▶ [EXERCISE REQUIREMENTS] The result should be all the records, exact and complete, without a single picture.

▶ [EXTRACTED INFORMATION]
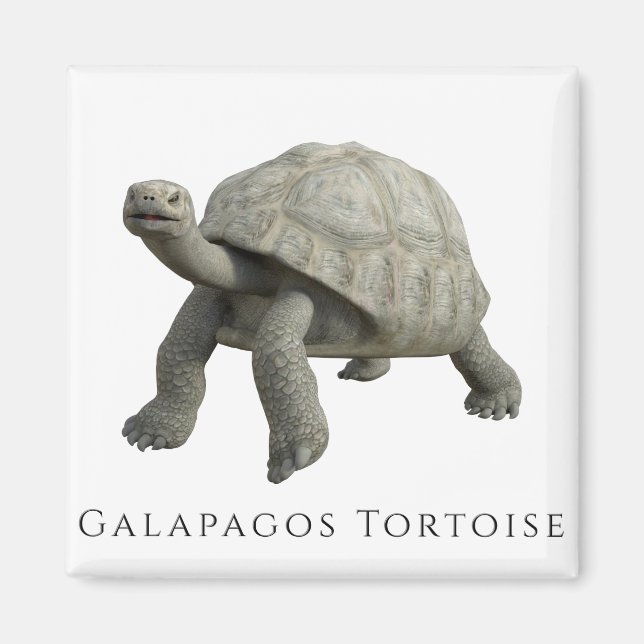 Galapagos Tortoise Magnet (Vorne)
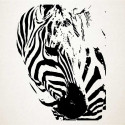 Zebër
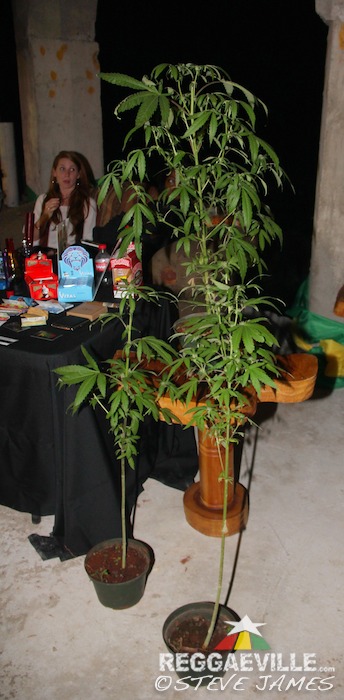 Herb Curb @ Rebel Salute 2016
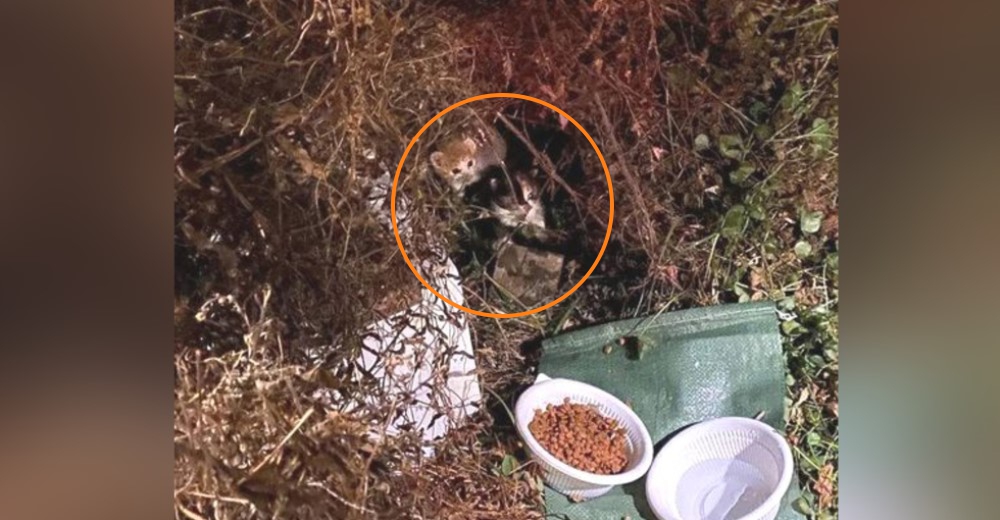 2 gatitos recién nacidos son rescatados entre los arbustos al lado de la carretera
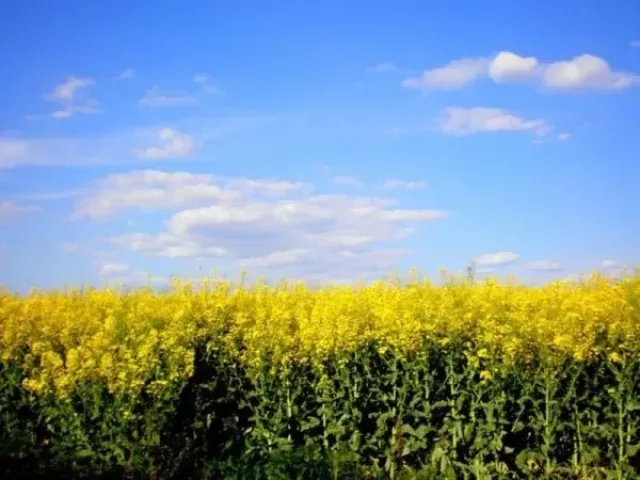 ЕС Віто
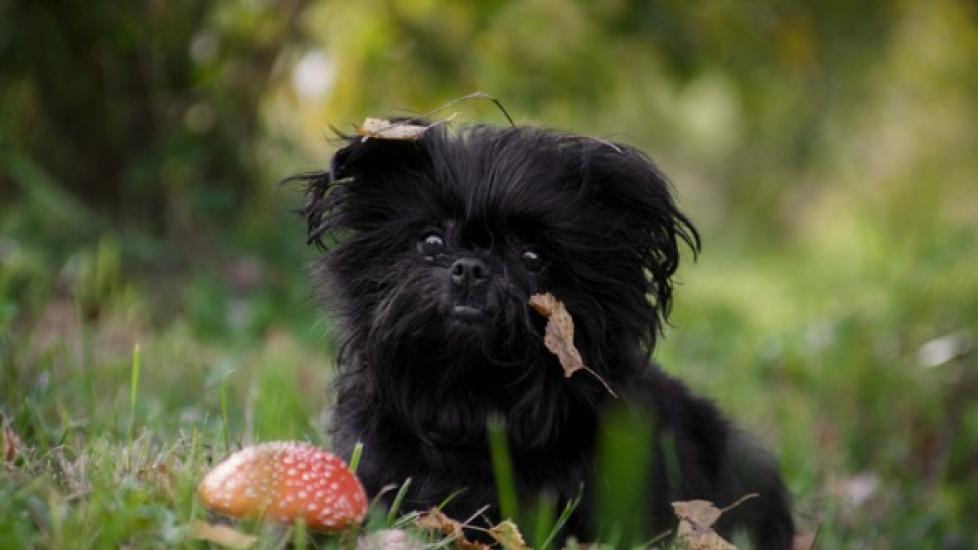 black-affenpinscher-dog-lying-on-grass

▶ [EXERCISE RESPONSE]
 Galapagos Tortoise Magnet (Vorne)
 Zebër
 Herb Curb @ Rebel Salute 2016
 2 gatitos recién nacidos son rescatados entre los arbustos al lado de la carretera
 ЕС Віто
 black-affenpinscher-dog-lying-on-grass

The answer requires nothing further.